A moins de deux semaines du jour de l’élection présidentielle anticipée, prévue pour le 15 septembre 2019, chacun des 26 candidats en lice est en pleine campagne électorale. Une campagne qui a commencé hier, le 2 septembre, et qui se poursuivra jusqu’au 13 septembre. C’est notamment le cas de Mehdi Jomaa, fondateur du parti Al Badil Ettounsi.

Par Cherif Ben Younes

A cet effet, le comité d’organisation de la campagne électorale de l’ancien chef du gouvernement provisoire (janvier 2014 – février 2015) a organisé aujourd’hui, mardi 3 septembre, une conférence de presse, à l’hôtel Novotel de Tunis, pour présenter le programme présidentiel de M. Jomaa.

«Le président et le chef du gouvernement doivent partager une même vision politique»

Se présentant en tant que «porteur de projet réformateur pour le pays», en collaboration avec une équipe «élargie et qui ne cesse de se développer», Mehdi Jomaa a d’abord indiqué que son programme présidentiel fait partie intégrante d’une vision globale, qui ne dépend pas que du poste du président de la république et qui nécessite une collaboration cohésive de toutes les institutions de l’Etat, en vue d’aller dans le même sens.

D’ailleurs, cette idée a été fondamentale dans le discours de M. Jomaa, qui a, à plusieurs reprises, exprimé son opposition à la dissociation qu’on fait, notamment dans les médias, entre le rôle du président de la république et celui du chef du gouvernement. Indiquant que pour lui, la seule chance dont dispose la Tunisie pour se remettre sur pied, socialement, politiquement et économiquement, passe forcément par une vision commune et une convergence complète entre les deux parties.

Pourtant, cette séparation entre les prérogatives du président et celles du chef du gouvernement n’a pas été inventée par la presse. Elle est même indiquée et développée dans la constitution du pays. Alors M. Jomaa tentera-t-il d’apporter les changements nécessaires à cette organisation politique s’il sera élu, et surtout, si son parti, Al Badil, pourra disposer de suffisamment de sièges parlementaires lors des élections législatives ?

Le candidat libéral n’exclut pas cette possibilité, mais il espère surtout avoir, dès maintenant, avec son parti, le contrôle sur les deux centres du pouvoir exécutif…

«Nous avons un même pays, un même Etat, les mêmes défis, et nous travaillerons sur un projet intégré et global. Un projet qui concerne le parlement et les deux têtes de l’exécutif. Et c’est pour cela que nous nous présentons non seulement à la présidentielle, mais également aux législatives, partout, avec 217 candidats pour autant de postes de députés», a-t-il assuré.

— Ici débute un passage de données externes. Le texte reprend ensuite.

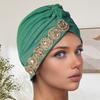 Women Headscarf Elastic Head Circumference Twisted Design Turban Hat with Rhinestones Decor Hair Accessories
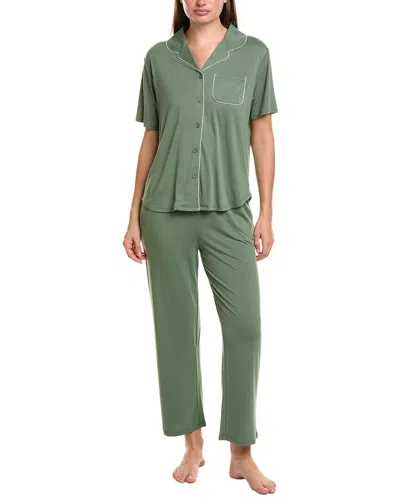 Flora By Flora Nikrooz 2pc Solid Knit Notch Collar Pajama Set In Green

«Ça c’est notre approche. Après, s’il faut faire un ajustement du pouvoir pour mieux gérer les prérogatives, on le fera», a-t-il poursuivi, rappelant qu’en 2014, il était à la fois chef du gouvernement mais aussi de la diplomatie, un rôle qui fait aujourd’hui partie des responsabilités du président de la république.

«La situation économique du pays est le principal motif de ma candidature»

Outre ce point, M. Jomaa a particulièrement mis l’accent sur la situation économique difficile que connaît le pays, et sur son impact désastreux sur le citoyen Tunisien, qui «s’est appauvri, comme le pays, de 20%, lors des 5 dernières années», a-t-il estimé, et ce à cause notamment de la dégradation des indicateurs économiques, tels que la diminution du produit intérieur brut (PIB), de l’épargne nationale, des exportations et de la valeur du dinar, ainsi que l’augmentation du taux de chômage.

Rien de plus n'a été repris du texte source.